[Short descriptive text snippets]
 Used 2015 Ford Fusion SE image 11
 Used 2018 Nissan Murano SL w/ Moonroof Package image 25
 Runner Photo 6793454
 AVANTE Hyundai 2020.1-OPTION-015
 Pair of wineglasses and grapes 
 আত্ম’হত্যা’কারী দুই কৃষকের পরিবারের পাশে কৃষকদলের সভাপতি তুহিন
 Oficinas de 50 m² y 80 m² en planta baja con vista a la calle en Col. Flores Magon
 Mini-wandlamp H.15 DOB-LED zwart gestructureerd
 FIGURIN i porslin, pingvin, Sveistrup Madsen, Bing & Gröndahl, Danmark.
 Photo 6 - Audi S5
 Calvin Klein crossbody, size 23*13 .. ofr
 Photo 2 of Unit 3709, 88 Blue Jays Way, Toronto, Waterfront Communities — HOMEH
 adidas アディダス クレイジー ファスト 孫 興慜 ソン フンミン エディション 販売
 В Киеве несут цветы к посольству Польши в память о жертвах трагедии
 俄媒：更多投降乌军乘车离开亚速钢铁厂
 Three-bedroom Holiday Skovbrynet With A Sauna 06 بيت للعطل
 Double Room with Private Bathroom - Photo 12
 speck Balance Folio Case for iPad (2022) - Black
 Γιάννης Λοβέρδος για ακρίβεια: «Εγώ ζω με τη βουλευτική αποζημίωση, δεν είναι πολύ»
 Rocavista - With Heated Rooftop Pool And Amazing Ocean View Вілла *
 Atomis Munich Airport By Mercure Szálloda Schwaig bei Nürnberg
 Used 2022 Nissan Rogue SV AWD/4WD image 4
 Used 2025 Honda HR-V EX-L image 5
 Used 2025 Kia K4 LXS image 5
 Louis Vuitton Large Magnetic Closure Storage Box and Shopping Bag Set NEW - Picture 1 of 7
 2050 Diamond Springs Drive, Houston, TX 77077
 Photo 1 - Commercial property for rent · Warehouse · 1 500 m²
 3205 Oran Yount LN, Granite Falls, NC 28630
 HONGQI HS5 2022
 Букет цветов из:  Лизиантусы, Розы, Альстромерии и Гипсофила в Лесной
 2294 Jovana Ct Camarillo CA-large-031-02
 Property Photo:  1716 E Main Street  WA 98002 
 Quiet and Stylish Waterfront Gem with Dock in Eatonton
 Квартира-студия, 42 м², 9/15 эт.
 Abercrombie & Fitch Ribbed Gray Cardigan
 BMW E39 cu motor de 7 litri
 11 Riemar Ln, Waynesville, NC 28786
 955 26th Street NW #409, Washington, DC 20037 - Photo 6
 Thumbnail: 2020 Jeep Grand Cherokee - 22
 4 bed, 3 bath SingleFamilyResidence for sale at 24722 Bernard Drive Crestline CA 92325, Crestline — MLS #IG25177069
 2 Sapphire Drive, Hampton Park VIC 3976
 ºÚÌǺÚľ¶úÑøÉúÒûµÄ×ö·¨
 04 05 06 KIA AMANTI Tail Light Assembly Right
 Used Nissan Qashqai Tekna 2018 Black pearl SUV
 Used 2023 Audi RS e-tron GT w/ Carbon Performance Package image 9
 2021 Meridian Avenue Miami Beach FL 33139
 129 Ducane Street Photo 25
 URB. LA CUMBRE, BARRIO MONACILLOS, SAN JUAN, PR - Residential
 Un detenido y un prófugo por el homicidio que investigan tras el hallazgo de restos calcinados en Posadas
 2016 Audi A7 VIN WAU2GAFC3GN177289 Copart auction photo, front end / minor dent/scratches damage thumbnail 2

- What to produce
Take the data above and return it exactly.

- Written solution
 Used 2015 Ford Fusion SE image 11
 Used 2018 Nissan Murano SL w/ Moonroof Package image 25
 Runner Photo 6793454
 AVANTE Hyundai 2020.1-OPTION-015
 Pair of wineglasses and grapes 
 আত্ম’হত্যা’কারী দুই কৃষকের পরিবারের পাশে কৃষকদলের সভাপতি তুহিন
 Oficinas de 50 m² y 80 m² en planta baja con vista a la calle en Col. Flores Magon
 Mini-wandlamp H.15 DOB-LED zwart gestructureerd
 FIGURIN i porslin, pingvin, Sveistrup Madsen, Bing & Gröndahl, Danmark.
 Photo 6 - Audi S5
 Calvin Klein crossbody, size 23*13 .. ofr
 Photo 2 of Unit 3709, 88 Blue Jays Way, Toronto, Waterfront Communities — HOMEH
 adidas アディダス クレイジー ファスト 孫 興慜 ソン フンミン エディション 販売
 В Киеве несут цветы к посольству Польши в память о жертвах трагедии
 俄媒：更多投降乌军乘车离开亚速钢铁厂
 Three-bedroom Holiday Skovbrynet With A Sauna 06 بيت للعطل
 Double Room with Private Bathroom - Photo 12
 speck Balance Folio Case for iPad (2022) - Black
 Γιάννης Λοβέρδος για ακρίβεια: «Εγώ ζω με τη βουλευτική αποζημίωση, δεν είναι πολύ»
 Rocavista - With Heated Rooftop Pool And Amazing Ocean View Вілла *
 Atomis Munich Airport By Mercure Szálloda Schwaig bei Nürnberg
 Used 2022 Nissan Rogue SV AWD/4WD image 4
 Used 2025 Honda HR-V EX-L image 5
 Used 2025 Kia K4 LXS image 5
 Louis Vuitton Large Magnetic Closure Storage Box and Shopping Bag Set NEW - Picture 1 of 7
 2050 Diamond Springs Drive, Houston, TX 77077
 Photo 1 - Commercial property for rent · Warehouse · 1 500 m²
 3205 Oran Yount LN, Granite Falls, NC 28630
 HONGQI HS5 2022
 Букет цветов из:  Лизиантусы, Розы, Альстромерии и Гипсофила в Лесной
 2294 Jovana Ct Camarillo CA-large-031-02
 Property Photo:  1716 E Main Street  WA 98002 
 Quiet and Stylish Waterfront Gem with Dock in Eatonton
 Квартира-студия, 42 м², 9/15 эт.
 Abercrombie & Fitch Ribbed Gray Cardigan
 BMW E39 cu motor de 7 litri
 11 Riemar Ln, Waynesville, NC 28786
 955 26th Street NW #409, Washington, DC 20037 - Photo 6
 Thumbnail: 2020 Jeep Grand Cherokee - 22
 4 bed, 3 bath SingleFamilyResidence for sale at 24722 Bernard Drive Crestline CA 92325, Crestline — MLS #IG25177069
 2 Sapphire Drive, Hampton Park VIC 3976
 ºÚÌǺÚľ¶úÑøÉúÒûµÄ×ö·¨
 04 05 06 KIA AMANTI Tail Light Assembly Right
 Used Nissan Qashqai Tekna 2018 Black pearl SUV
 Used 2023 Audi RS e-tron GT w/ Carbon Performance Package image 9
 2021 Meridian Avenue Miami Beach FL 33139
 129 Ducane Street Photo 25
 URB. LA CUMBRE, BARRIO MONACILLOS, SAN JUAN, PR - Residential
 Un detenido y un prófugo por el homicidio que investigan tras el hallazgo de restos calcinados en Posadas
 2016 Audi A7 VIN WAU2GAFC3GN177289 Copart auction photo, front end / minor dent/scratches damage thumbnail 2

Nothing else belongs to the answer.